With #313 I see I can share the other way, hope you don't mind opening github issue for this, it's easiest way for me to contact you and open the discussion.

My approach was opening spreadsheet and drawing few sliding game boards first to find:

1. initial MxN board requires M+N-3 steps to provide empty space next to red counter (from either right or bottom)
2. 2x2 to solve with empty space next to red counter is 4 moves diagonal move (so whole 2x2 is 2+2-3+4 = 5)
3. if red counter is next to bottom right square which is empty, it takes +1 move to finish the game
4. to move red counter diagonally and restore the free space next to it it takes 6 moves (free space can be bottom or right, same orientation is restored)
5. to move red counter vertically/horizontally and restore the free space it takes 5 moves

These should be reasonably easy to verify by "eyeballing" small area of board in spreadsheet and trying to do the moves, and the rules 4. and 5. can be applied after each other due to preserving free square position, and 2. and 3. can be applied after either 4. or 5. once the bottom right corner of board is in reach.

Now I did a bit of leap of faith and claim that these rules can be applied to get optimal amount of moves (I think it's reasonably visible why this works intuitively, but I don't think I would be capable to produce math-quality proof of it).

• for any NxN (square) board this makes the total moves:
  S(n,n) = (n + n - 3) + (n - 2) * 6 + 4 using rules: 1. to move free space (does not matter if free space is right or bottom), 4. to move n-2 times diagonally into 2x2 ending position, and 2. to finish the game from 2x2
  This can be reduced to moves = 8n - 11
• for MxN board, assume N < M (rotate board if needed), the rules can be applied like this:
  S(m,n) = (m + n - 3) + (n - 1) * 6 + (m - n - 1) * 5 + 1 using rules 1., 4., 5. and 3. In 1. the free space is moved to the longer side of board, then diagonal movement is applied until red counter is at exit square row/column, then vertical/horizontal movement is applied until it is next to it, then the +1 finish game rule is used.
  This can be reduced to moves = 6m + 2n - 13

At this point I got next idea, to reverse the formulas, ie. calculate all [m,n] (or amount of them) for particular moves value, and after a while of playing with those formulas I got inverse formulas:

• for NxN square board the only N = (moves + 11) / 8, if divisible (moves % 8 == 5), otherwise no N exists
  (after reading through problem forum I was reminded the prime^2 will never hit this case, because that would require (p % 8)(p % 8) == 5 and there's no such (p % 8) to produce 5 after square, so actually there's never square board in the set of boards for p^2 moves.

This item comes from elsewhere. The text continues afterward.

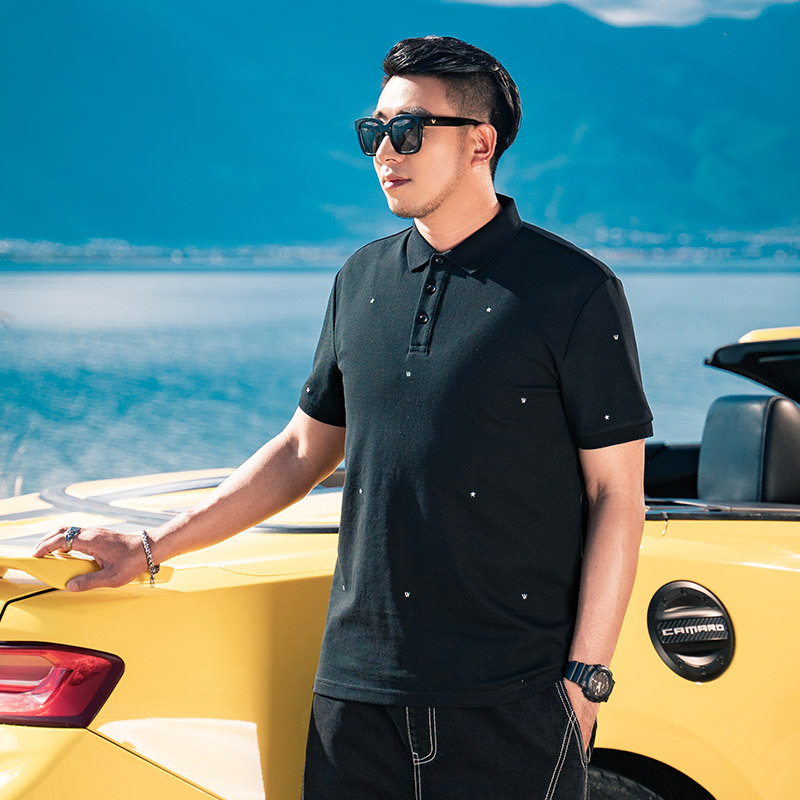 Marca de moda más tamaño de los hombres más el tamaño Polo de los hombres suelta casual bordado solapa manga corta Polo camisa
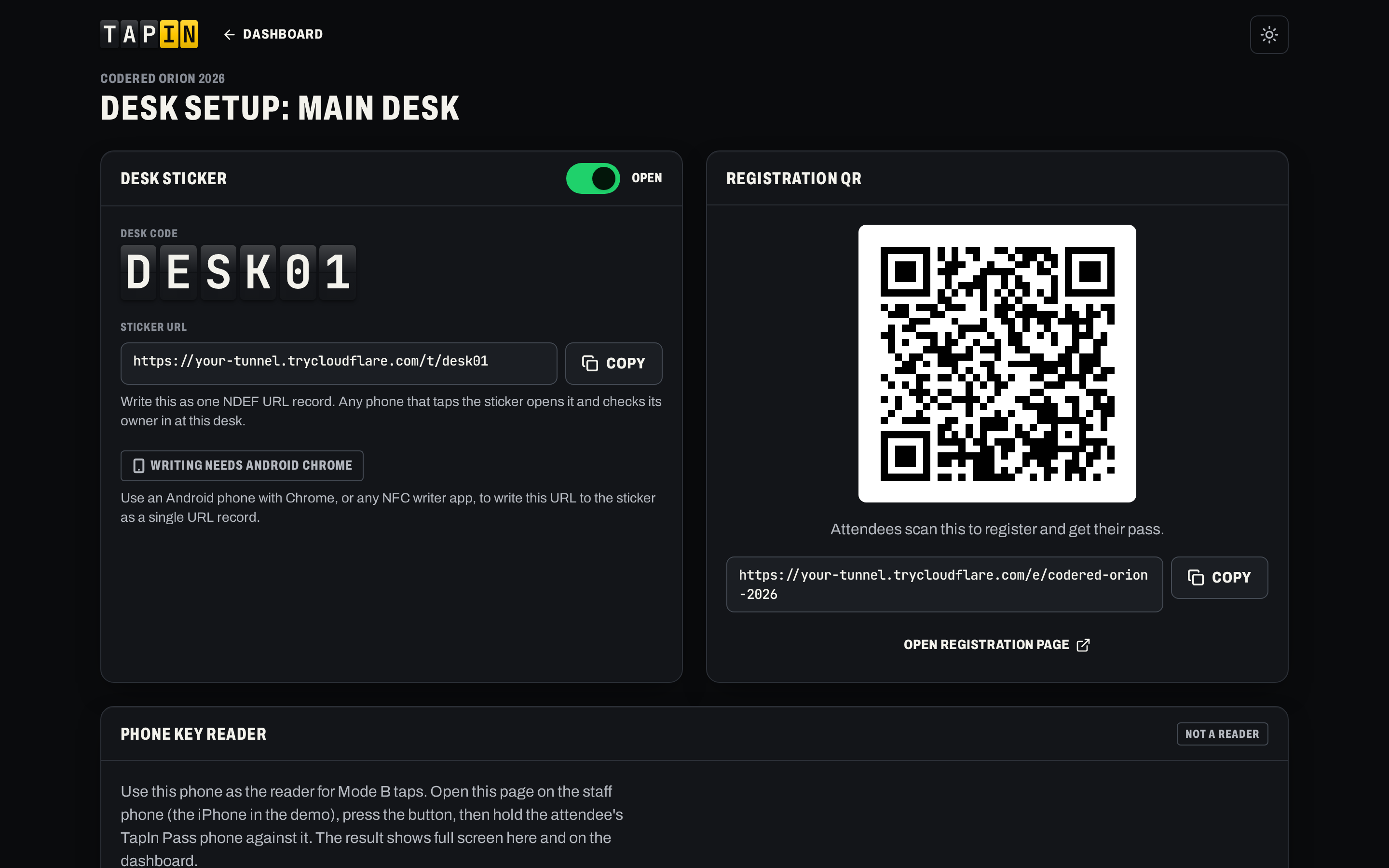 Desk setup screen with the Add a scanner QR code and desk configuration.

• for MxN board I calculate first value X = (moves + 13) / 2 -> if not divisible by 2, there's no [M,N]
  min_m = ceil(X / 4) => int min_m = (x + 3) / 4; - to ensure n < m
  max_m = floor((X - 2) / 3) => int max_m = (x - 2) / 3; to ensure 2 <= n
  Then for each min_m ... max_m the n can be calculated as n = x - 3m, but that's not the point of the task, it is enough to count solutions: return 2 * (max_m - min_m + 1); ... 2x for both MxN and NxM boards.

Then the final code uses my primes class to generate all primes <= 1e6, and goes through them summing amounts of boards for each p^2, which takes about 0.03s on my machine to produce the final answer.

(I hope this finds you well and you could enjoy the read - at least as much as I enjoyed your blog so far. If you want to adjust your article to describe this approach, you are free to use/adjust this as you see fit, have a good time :) )